In general, I believe one’s most recent publication is the one closest to heart—that, of course, is Through a Garden Gate. At a book launch last week, I gave a reading of the poems in tandem with the photographs projected on screen. After the long period of work on this project, to have the well-made book in hand gives much joy, and the audience response has been very rewarding.
How do you know when a piece is finished?
Likely I will not know where a poem may be going. I must trust the language to lead me to discover meanings I had not known in advance. So when (or if!) that moment is reached, I may realize “aha”—that’s what the poem and I want to say. Then I go back and work towards fulfilling the necessary words and images. A book-length poem may be written in sequences. The Marriages of Jacob knew its ending when biblical Jacob’s beloved Rachel died. I was at Yaddo then, and walked out into the woods and cried because Rachel whom I’d lived with in thought had died, and because my book, after two years of work, had ended.
Individual poems may end up being revised many times, especially after being left to lie fallow for a period of time.
What has been your biggest failure and what − if any − lessons were learned?
Actually, I believe my “biggest failure” has been my not having recognized my need to write poetry until midlife. There are experiences I would have wished to explore in words at the time they were happening. On the other hand, memory in maturity may have been beneficial.
Tell us about your commitment to the writing community. Outside of your work, what else do you have going on? Or what do you see starting up in your future?
In 1981, the year my first book was published, I founded the Eileen W. Barnes Award as editor/publisher of not-for-profit Saturday Press. I set up the first national contest to publish a first book by a woman over 40. Maxine Kumin was guest judge one year. The response from hundreds of women showed how important this opportunity felt for so many who had delayed their writing careers owing to family and financial obligations, as well as to cultural expectations. Poets & Writers Magazine featured the press, as well as an article in The New York Times. And I have found teaching adult women at Barnard College Center for Research on Women, an enrichment for poetry and ourselves.
Where I live now, in a retirement community, I’ve been able to encourage people to spend more time reading poetry and going to poetry readings.

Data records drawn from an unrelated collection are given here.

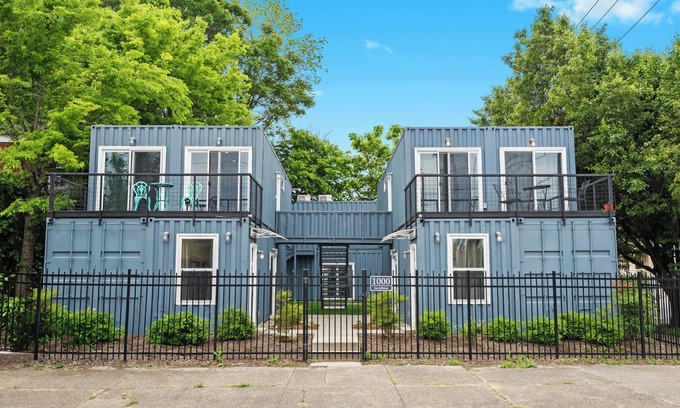 Phoenix Hill Apartamento | Experience the Unique Re-Nu Shipping Container #4
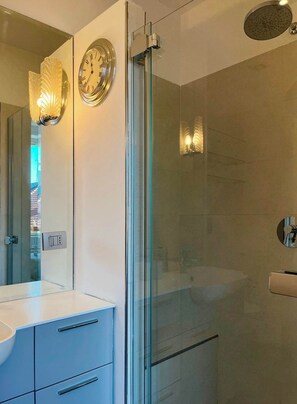 Bruser, hårtørrer, håndklæder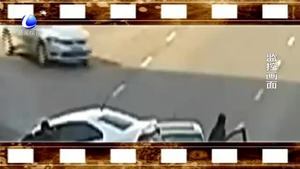 开车捡眼镜 失控酿事故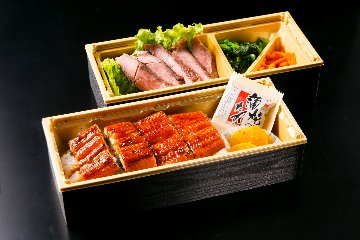組合員様特別価格！特上うな重とA5黒毛和牛ステーキの2段重（お茶付き）の画像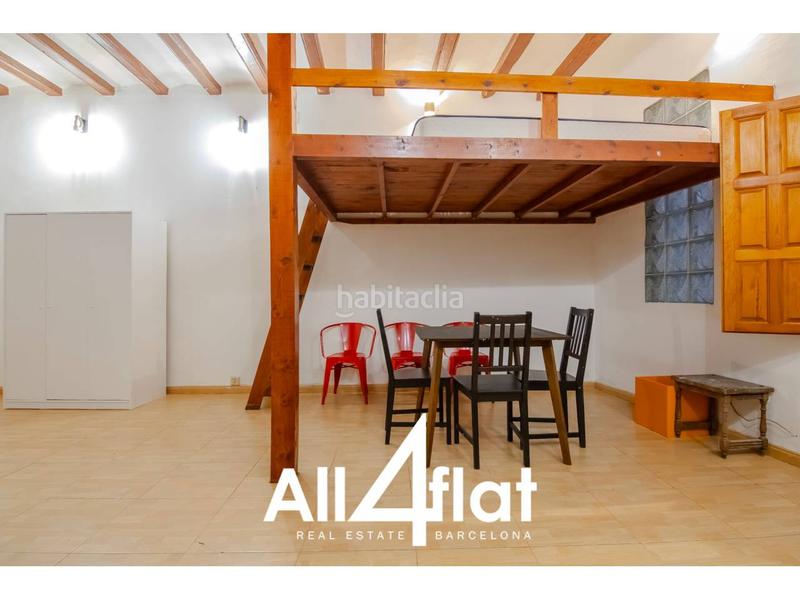 Foto a66886ba-e278-4dab-afed-42e080a4cac5. Piso loft en venta de 39 m2 en el born con balcón, baño, cocina. amueblado y equipado. en Barcelona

I hope to continue my contact with members of the H.D. International Society, and a women poets listserv (the internet is invaluable). And I’ve always been active in work towards peace and justice. Though not able to be as personally active as in the past, I’m a member of Women’s International League for Peace and Freedom and New Jersey Peace Action. I’m on the current events planning committee for my resident community.
What is your biggest pet peeve with the writing community, trends, etc. today?
I am concerned about some of the so-called avant-gardism given prominence as the “best of the new” where obscurity seems to be the principal goal of a work. It is still difficult to break into certain established journals. Fortunately, the internet and grass roots energy of a variety of voices makes today’s poetry world wonderfully diverse and open to innovations.
What are you working on right now?
I’m working on new individual poems towards an eventual collection. Many of these are memory poems—this is a time of looking back, taking stock, mining old journals. But also meditative poems dealing with time’s passage. I’m continuing to write in forms. Attention to structure and rhyme often can distract the judgmental part of the mind, allowing unconscious material to come forth.
What are you reading right now?
I’m immersing myself in the poetry of W. S. Merwin. He is a poet remarkably able to write poems that open to awareness of cosmic mystery. And his wonderful work of creating a palm forest on previously barren land in Hawaii cheers and inspires us all.